“¡Fuera Mugabe!”, corean hoy los pueblos, las calles, incluso los senadores en Zimbabue. “¡Fuera Mugabe!”, se dice al fin cuando uno de los más siniestros tiranos de la historia ha sido derribado. “¡Fuera Mugabe!”, con la certeza de que lo que sea que venga difícilmente resultará peor a sus excesos, a su represión, a sus absurdos que condujeron al país a la peor de las miserias.

 

“¡Fuera Mugabe!”, gritado mucho tiempo antes, ya en el lejano año 2000, en un partido de futbol en el Estadio Nacional de la capital Hararé. Sucedió que Zimbabue y Sudáfrica se enfrentaban en la eliminatoria mundialista. Sucedió, también, que con esa derrota a manos de sus vecinos, quedó claro que los zimbabuenses no irían de nuevo al Mundial. Y sucedió que su federación de futbol era encabezada por el sobrino del dictador, Leo Mugabe.

 

La realidad es que por afanes que tuvieran los aficionados de utilizar al futbol como sitio de protesta política, jamás se hubieran atrevido a gritar contra el temido presidente: eso ni se planteaba en aquel Zimbabue. No así, contra su familiar, ese directivo que había arruinado a su futbol.

 

Por ello, en cuanto los soldados escucharon en el estadio clamores en contra de alguien apellidado Mugabe, cargaron en las gradas. El resultado de los gases lacrimógenos y la consiguiente estampida fueron trece fallecidos. Más tarde la FIFA cortaría su ayuda económica a esa federación: “Está claro que el dinero donado por la FIFA no ha sido utilizado para los propósitos planteados”, justificó. Si un organismo faltaba por imponer sanciones al país del sur de África, era el del balón. Eso no impidió que nueve años después se llevara la Copa FIFA a Harare y permitiera que Mugabe amenazara con expropiar el trofeo: “Me han dicho que la copa está hecha de oro puro. Y me he estado preguntando de dónde pudo venir ese oro. Y concluí que debió salir de Zimbabue. No pudo salir de Gran Bretaña, no hay oro ahí”.

 

El Estadio Nacional de Harare puede decir demasiado. Primero, ahí fue el gran concierto de Amnistía Internacional en los años ochenta, cuando todo quien quisiera aliarse al concepto de la paz, se acercaba al entonces libertador Mugabe. Bruce Sprinsgsteen diría emocionado antes de una canción: “No puede haber paz sin justicia, y ya sea apartheid, sistemático o económico, no habrá justicia.
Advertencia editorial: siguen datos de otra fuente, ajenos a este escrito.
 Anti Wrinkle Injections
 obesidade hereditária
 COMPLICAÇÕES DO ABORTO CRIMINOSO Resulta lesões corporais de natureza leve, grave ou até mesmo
Y si no hay justicia hay sólo guerra”. Vaya desilusión, el apartheid de Zimbabue terminó, pero ni justicia ni paz llegaron.

 

Más tarde, la mencionada tragedia en el cotejo eliminatorio, aunque también las cíclicas celebraciones cada que Mugabe cumplía uno de los 37 años que fue presidente.

 

La más ridícula se dio en 2010, cuando tras una larga cadena de antorchistas, Mugabe fue el elegido para encender en el centro de la cancha un pebetero…, sólo que la chica que le otorgaría la flama lo hizo jaloneada por la seguridad del tirano, temerosa de que pudiera tocarlo.

 

El país que llegó a semejante inflación como para imprimir billetes de 100 trillones, que sumaba hasta a 25 por ciento de sus adultos trabajando en Sudáfrica, en el que Mugabe empezó por perseguir a blancos, luego a rivales políticos, después a la etnia Ndebele (él es del otro grupo, los Shona) y finalmente a todos los demás, ese país ha visto una luz en el peor de los túneles.

 

“¡Fuera Mugabe!”, ya se grita con libertad en la Harare que me encontré desértica en 2010. “¡Fuera Mugabe!”, 17 años después de que en un estadio por vez primera se escuchara.